COFE Properties has grabbed a seven-building small-bay industrial portfolio in northeast Atlanta totaling about 397,959 square feet, according to brokers and market listings. The shallow-bay complex is home to roughly 35 tenants across wholesale, distribution, logistics and specialty trades, and it sits at about 83.6 percent leased. JLL Capital Markets arranged acquisition financing for the deal and Synovus provided the loan, industry reporting shows. COFE plans targeted capital projects to upgrade tenant spaces and site infrastructure at the parks.

According to ConnectCRE, JLL Capital Markets lined up a $35.7 million acquisition loan for what is being marketed as the Atlanta Small Bay Portfolio, with Synovus as lender. The seven buildings range from roughly 45,000 to 77,000 square feet and offer average suite sizes in the middle of the typical small-bay range. JLL’s debt advisory team on the transaction was led by Melissa Rose, Bobby Norwood, Nicole Diaz and Preston Bacon, per the report.

Why COFE Is Betting On Small-Bay Space

Small-bay, multi-tenant industrial parks are very much COFE’s preferred playground. The firm focuses on infill locations that serve dense population centers and last-mile distribution, according to COFE Properties. Its stated strategy leans on hands-on management and repositioning in order to drive value, a play that typically includes improving curb appeal, modernizing building systems and making tenant spaces turnkey for light industrial users. The company also highlights an Atlanta presence and a track record of buying shallow-bay assets across the Southeast.
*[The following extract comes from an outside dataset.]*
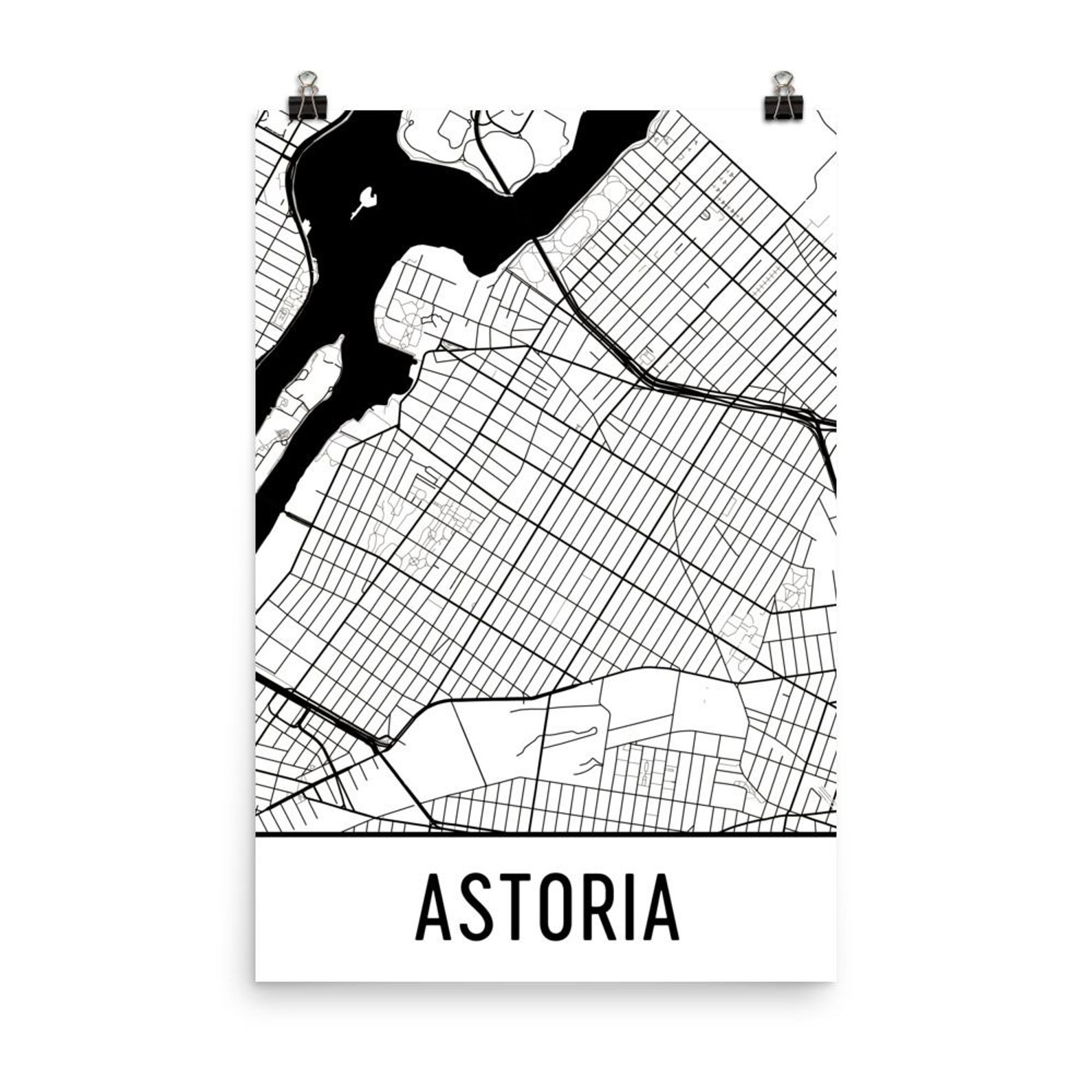 Astoria Map Astoria Art Astoria Print Astoria NY Poster - Etsy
Market Context: Atlanta Still Hungry For Infill Industrial

Atlanta’s industrial market stayed busy through late 2025, with Cushman & Wakefield reporting roughly 8.8 million square feet of deal volume in the fourth quarter and several million square feet of net absorption for the year. That level of activity has kept investors interested in well-located small-bay product, particularly assets that can be upgraded to capture mark-to-market rent growth. For buyers like COFE, steady leasing demand in close-in submarkets helps support capital spending and repositioning plans.

Where This Deal Fits The Market

JLL and other brokers have been marketing similar infill portfolios as chances to consolidate small-bay product and push rents on near-term rollovers, as illustrated in a JLL listing updated in April. That investor material spotlights mark-to-market upside and limited exposure to any single large tenant, traits that line up with COFE’s stated operating playbook. The setup makes shallow-bay parks appealing to buyers who want current income along with future re-leasing upside.

COFE has told brokers it will start in on targeted building enhancements, site work and tenant space upgrades to help the parks compete more aggressively in the northeast Atlanta market, ConnectCRE reports. Local leasing activity and smaller build-outs are expected to show up first, with broader exterior and infrastructure work rolling out afterward. Owners and brokers say investors willing to fund modest improvements in close-in industrial pockets often see deeper tenant pools and higher effective rents.